Deep Life Reflections: Friday Five
Issue 152 - Nighthawks
Welcome to Issue 152 of Deep Life Reflections, where each Friday I share reflections on how to live more deeply—through literature, cinema, and the everyday strands of life.
“If you could say it in words there would be no reason to paint.”
— Edward Hopper
In my early twenties, I spent six months living in America. It was some early work experience and my first time experiencing the expansiveness and scale of the country. I was based in the port city of Cleveland, Ohio, which sat on Lake Erie. During my stay, I had the opportunity to visit other U.S. cities like Chicago, San Francisco, and New York. I still have the photos in a physical album, as well as a few mementos like postcards and maps. Being there myself, I was often alone in both my travels and daily comings and goings. Not all the time, but most of the time.

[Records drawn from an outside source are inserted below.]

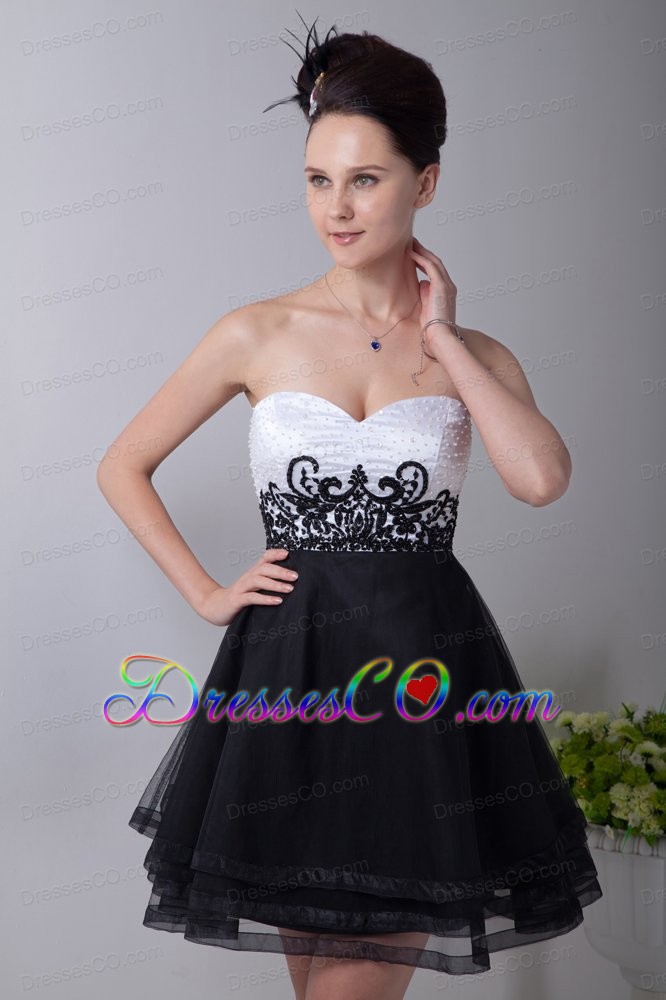 Black And White A-line Mini-length Organza Appliques Prom / Homecoming Dress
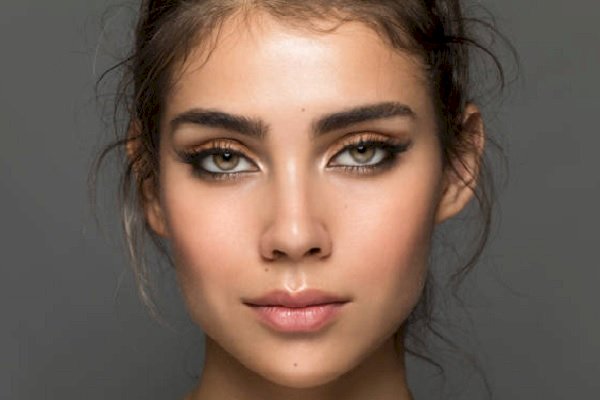 Makeup hacks to make your eyes look bigger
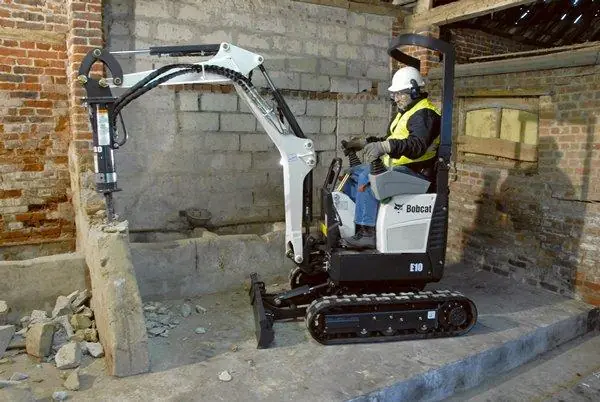 Bobcat E10 thumbnail 2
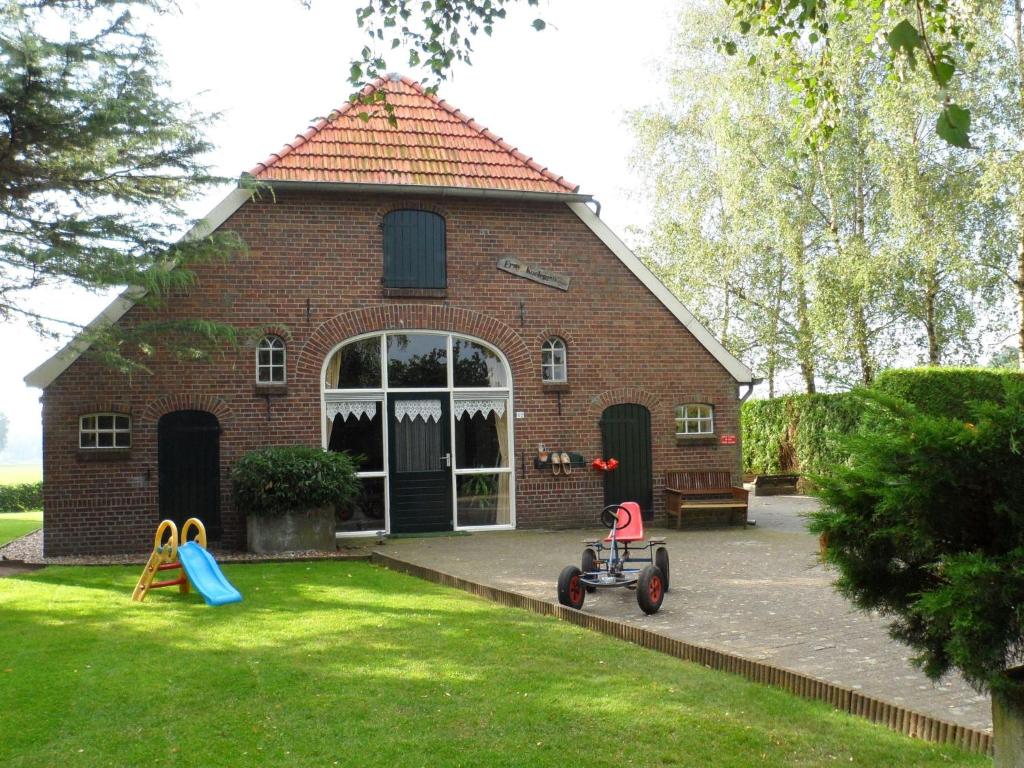 Detached farmhouse with play loft
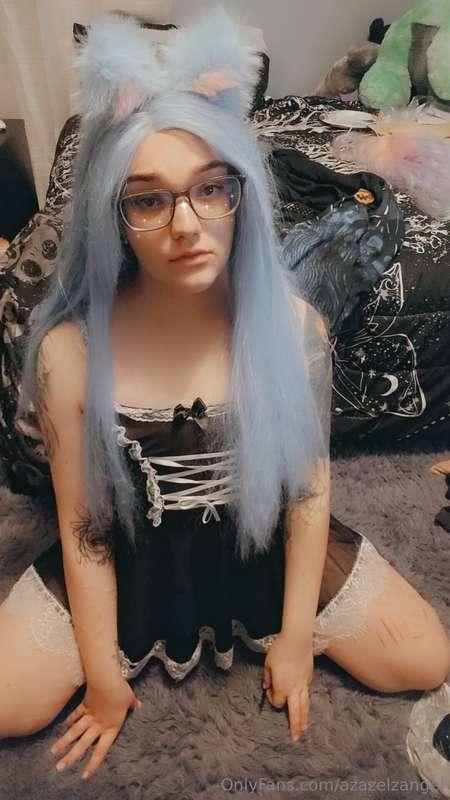 Sad kitty 😿
Can you make me a happy kitty🥺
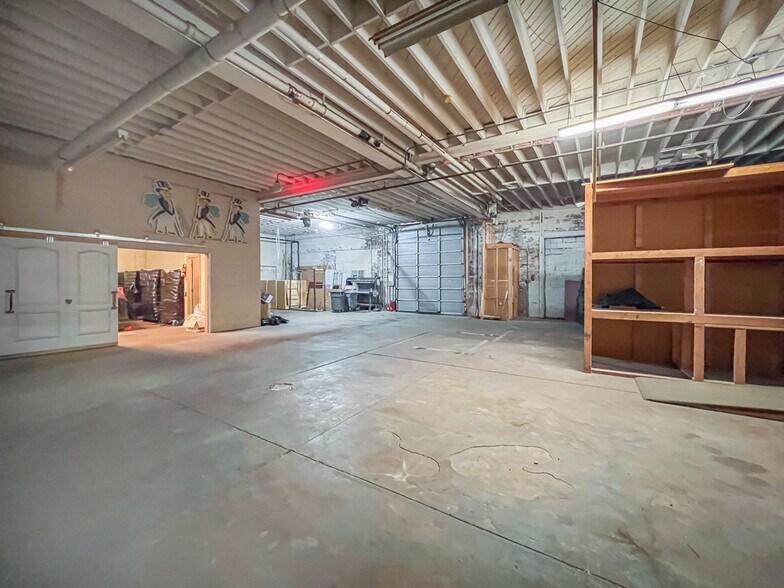 More Photos Of 222 E Bridge St, Morrisville Light Distribution For Sale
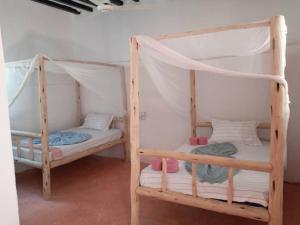 Zimmer mit 2 Etagenbetten in einem Zimmer in der Unterkunft New Iddi Villa in Jambiani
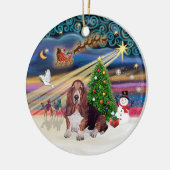 Kerstmagie - Basset Hound Keramisch Ornament (Links)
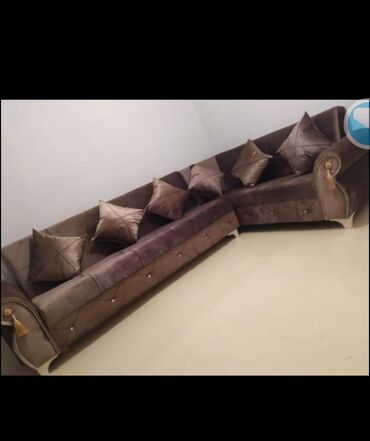 Divan və kreslo dəstləri: Dəst 155aznden başlayan qiymətlər

 dəst divan 2kreslo 550 azn — 22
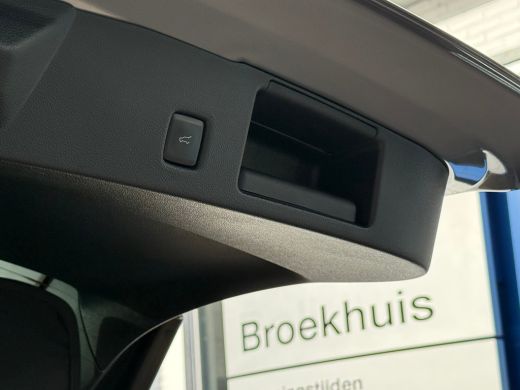 Ford Kuga 2.5 PHEV ST-Line X 243pk | B&O audio | Winter pack | Adapt. Cruise | Carplay ActivLease financial lease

I think this is why the art of the American realist painter, Edward Hopper, struck a chord then and continues to now. Hopper specialised in painting American solitude. Aloneness was his great theme. Hopper had two primary sources for his subject matter. The common aspects of American life, such as restaurants, theatres, motels, gas stations, and railroads, and the people who inhabited them. His most common subject was the solitary figure, and they were mostly women, often reading or looking out of a window. Many of his solitary women were modelled by his wife, Josephine, herself an artist.
Best known for his oil paintings, Hopper had a mastery of light and shadow, together with a gift of seeing into the inner soul of a society still finding its own sense of self. While many interpret loneliness and isolation in his works—and it would be hard to discount a veil of melancholy in many of those pieces—some critics see this loneliness and isolation differently, more as a symbol of Hopper’s preference for quiet and thoughtful self-examination and contemplation. That’s the way I look at them too.
Hopper was born in a small town called Nyack, New York, in 1892. Moving to the city in 1908, he lived for half a century in a modest fourth-floor apartment on Washington Square in Manhattan, until his death in 1967. Even in his old age, Hopper carried buckets of coal up the four flights of stairs for the stove that heated his studio. He lived a somewhat frugal life, enjoying inexpensive diners that reflected the changing fabric of the city.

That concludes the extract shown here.